WASHINGTON - U.S. Secretary of State Rex Tillerson called on Iran and Russia on Tuesday to use their influence with the Syrian regime to make sure that it will not repeat its use of chemical weapons against its own citizens as part of the civil war currently raging in the country.
"We call upon Russia and Iran, yet again, to exercise their influence over the Syrian regime and to guarantee that this sort of horrific attack never happens again," said a statement by the State Department, attributed directly to Tillerson. He added that "Russia and Iran also bear great moral responsibility for these deaths," and that the Syria civil war "demands a genuine ceasefire."
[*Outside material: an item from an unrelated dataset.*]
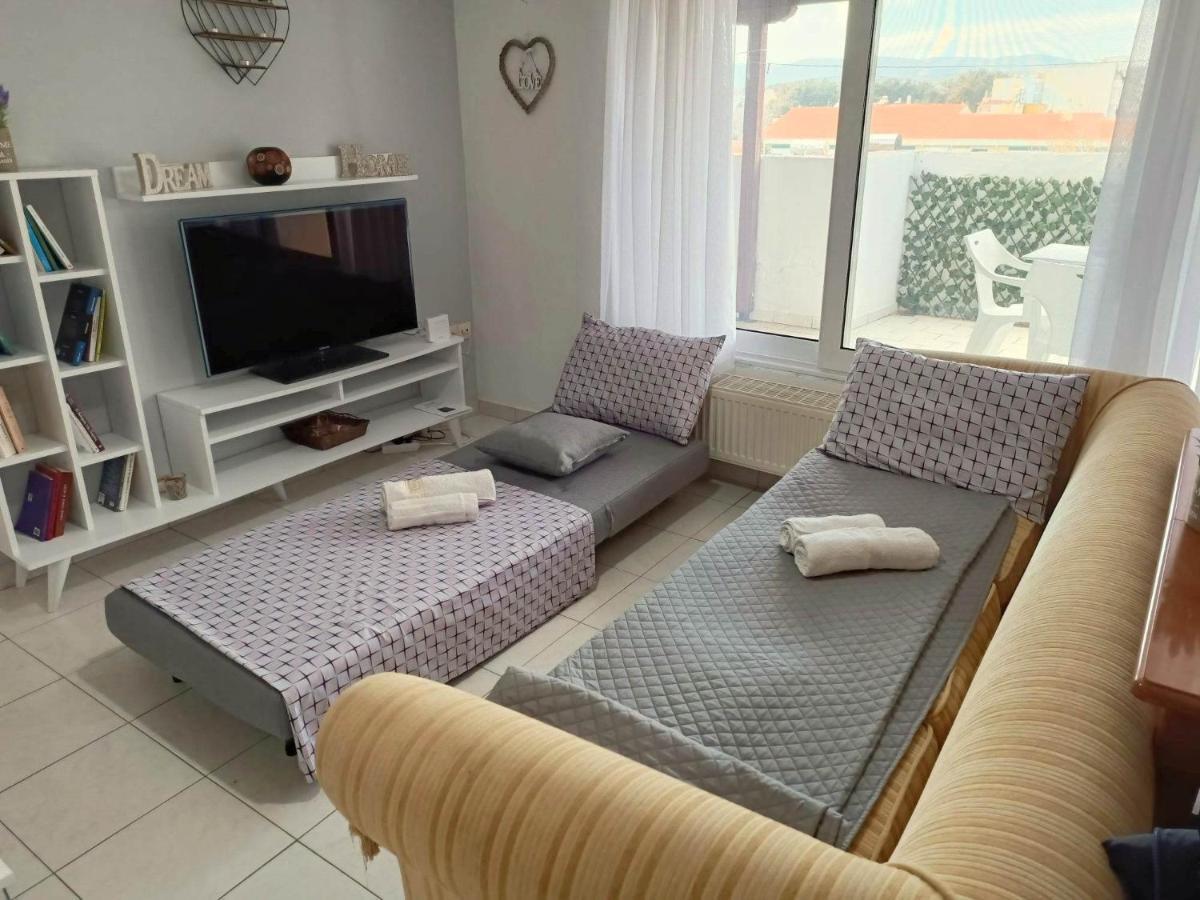 City Melody Apartment With Private Parking Alexandrópolis Exterior foto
The statement, which came after an alleged chemical attack killed at least 100 in northern Syria, also contained a strongly-worded condemnation of Assad's actions and came as a surprise amidst the Trump administration's verbally tough line against Iran thus far. Instead of calling on Iran to get out of the Syrian arena, it seemed to imply that Iran should use its influence inside Syria to restraint the Assad regime, which is a strategic ally of Tehran's.
"While we continue to monitor the terrible situation, it is clear that this is how Bashar al-Assad operates: with brutal, unabashed barbarism. Those who defend and support him, including Russia and Iran, should have no illusions about Assad or his intentions," Tillerson added. Just last week, however, two senior officials in the Trump administration - Press Secretary Sean Spicer and Ambassador Nikki Haley - said that Trump was not committed to taking down Assad's regime.
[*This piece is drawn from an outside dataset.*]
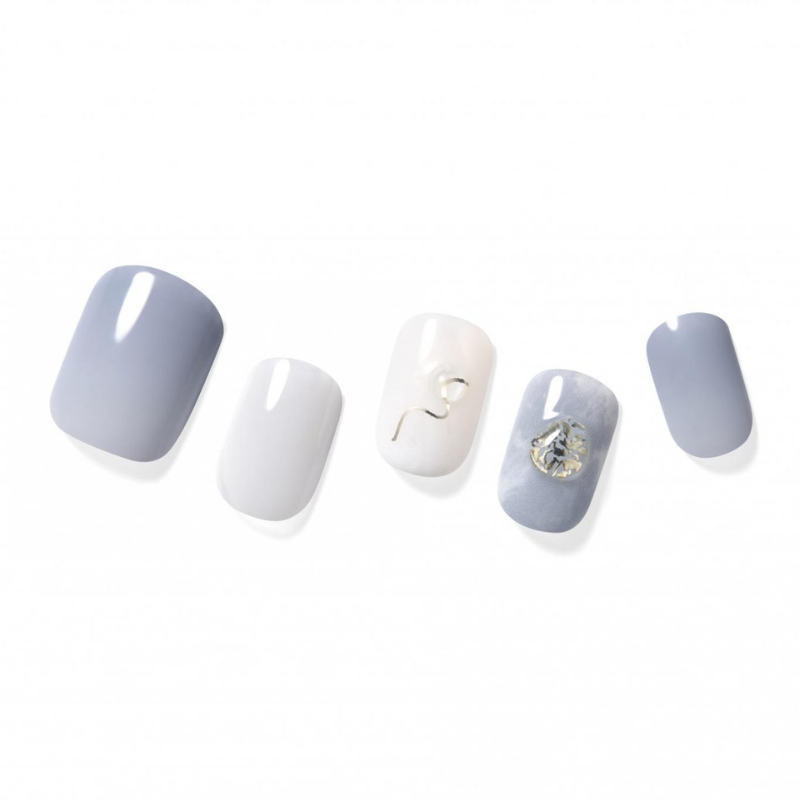 DASHING DIVA Magic Press Regular Round Mani Ice Village MGL2W038RR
While Tillerson's comments pointed an unmistakable finger of blame at the Assad regime, another U.S. government source was even more direct, telling Reuters that the attack was "almost certainly" carried out by forces loyal to Assad. The source also said the U.S. government believes the chemical agent sarin was used in the attack.
Earlier Tuesday, the White House condemned the "heinous actions," but said the attack was a consequence of the Obama administration's "weakness." The statement added that there is not a fundamental option of "regime change" in Syria, calling the Assad government a "political reality."
It was believed that the attack was launched by a Sukhoi-type fighter aircraft, though there was no initial proof if the plane belonged to Russia or the Syrian government. However, locals in Idlib told Haaretz there was no doubt for anyone present that the Assad regime was responsible for the strike and that opposition forces even knew the identity of the pilot.